After tax portion of 407k rollover

How does one deal with the after tax portion of a 401k rollover? Can this amount be used to create a Roth IRA? Are there dollar amount limits? The amount of after tax contributions to the 401k are over $40k.



Prior to this year, the employee had a choice between taking the after tax amount as tax free cash or rolling it into an IRA and filing Form 8606 to document the added basis of the IRA.

However, under the PPA, a direct Roth conversion can be done starting this year. These funds to not have to get to the Roth through a TIRA and can be transferred directly to a Roth IRA. The 100,000 income limits apply to all conversion methods until 2010. What has not been fully clarified by the IRS is whether the pre tax portion can be transferred to a TIRA and the after tax portion to a Roth IRA. There is no particular reason this cannot be done, but an employer plan does not have to offer multiple transfer destinations.

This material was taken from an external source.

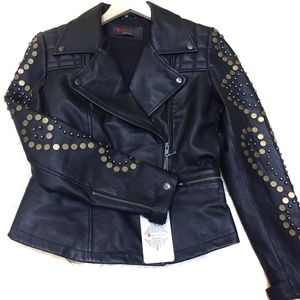 Woman Lamb Leather Soft Moto Biker Jacket Studded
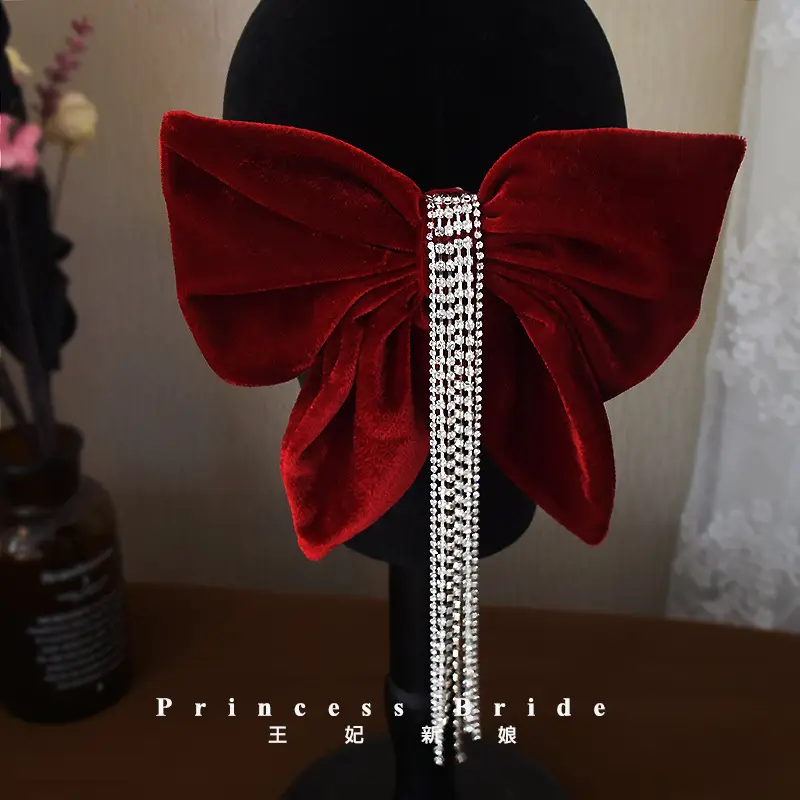 Red Velvet Bow Hairpin for Women High-Grade Bridal Tie - Image 8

For someone with 40k of after tax contributions, it is worth waiting to determine if this can be done, and in order to get the after tax funds to a Roth faster with the least amount of conversion taxes, it may even be worth waiting another 18 months until 2010 if the income limit prevents earlier conversion.

If the after tax contributions include pre 1987 amounts, it may also be possible to transfer them FIRST to the Roth, again subject to the income limits.